*About this task*
Going down the data below, set down exactly the line with "Nowa sesja do aktorskiego cv" and each line after it through the line with "1100 Avalon Place, Matthews, NC"; no other lines.

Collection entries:
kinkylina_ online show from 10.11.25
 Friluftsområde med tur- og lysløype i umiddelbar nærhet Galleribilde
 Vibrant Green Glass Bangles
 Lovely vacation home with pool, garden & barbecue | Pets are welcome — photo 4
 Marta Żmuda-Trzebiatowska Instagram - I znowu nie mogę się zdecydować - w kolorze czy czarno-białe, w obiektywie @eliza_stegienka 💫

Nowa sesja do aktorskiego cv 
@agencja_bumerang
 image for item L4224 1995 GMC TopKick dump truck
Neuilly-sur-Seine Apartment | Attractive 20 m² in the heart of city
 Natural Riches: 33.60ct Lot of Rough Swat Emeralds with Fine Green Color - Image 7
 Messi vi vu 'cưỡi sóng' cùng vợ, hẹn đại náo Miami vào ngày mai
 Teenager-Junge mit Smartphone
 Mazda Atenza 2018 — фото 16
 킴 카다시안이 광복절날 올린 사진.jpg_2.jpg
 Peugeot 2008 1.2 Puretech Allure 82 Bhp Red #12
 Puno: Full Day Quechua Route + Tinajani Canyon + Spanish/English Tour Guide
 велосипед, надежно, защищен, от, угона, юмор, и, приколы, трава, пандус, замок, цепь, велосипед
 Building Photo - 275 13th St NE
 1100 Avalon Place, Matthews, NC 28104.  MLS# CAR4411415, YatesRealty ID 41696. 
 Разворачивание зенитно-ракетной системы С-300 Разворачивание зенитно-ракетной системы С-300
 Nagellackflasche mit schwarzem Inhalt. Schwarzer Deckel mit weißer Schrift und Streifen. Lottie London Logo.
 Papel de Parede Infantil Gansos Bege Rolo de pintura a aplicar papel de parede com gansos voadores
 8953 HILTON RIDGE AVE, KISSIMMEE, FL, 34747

*Exercise solution*
Nowa sesja do aktorskiego cv 
@agencja_bumerang
 image for item L4224 1995 GMC TopKick dump truck
Neuilly-sur-Seine Apartment | Attractive 20 m² in the heart of city
 Natural Riches: 33.60ct Lot of Rough Swat Emeralds with Fine Green Color - Image 7
 Messi vi vu 'cưỡi sóng' cùng vợ, hẹn đại náo Miami vào ngày mai
 Teenager-Junge mit Smartphone
 Mazda Atenza 2018 — фото 16
 킴 카다시안이 광복절날 올린 사진.jpg_2.jpg
 Peugeot 2008 1.2 Puretech Allure 82 Bhp Red #12
 Puno: Full Day Quechua Route + Tinajani Canyon + Spanish/English Tour Guide
 велосипед, надежно, защищен, от, угона, юмор, и, приколы, трава, пандус, замок, цепь, велосипед
 Building Photo - 275 13th St NE
 1100 Avalon Place, Matthews, NC 28104.  MLS# CAR4411415, YatesRealty ID 41696. 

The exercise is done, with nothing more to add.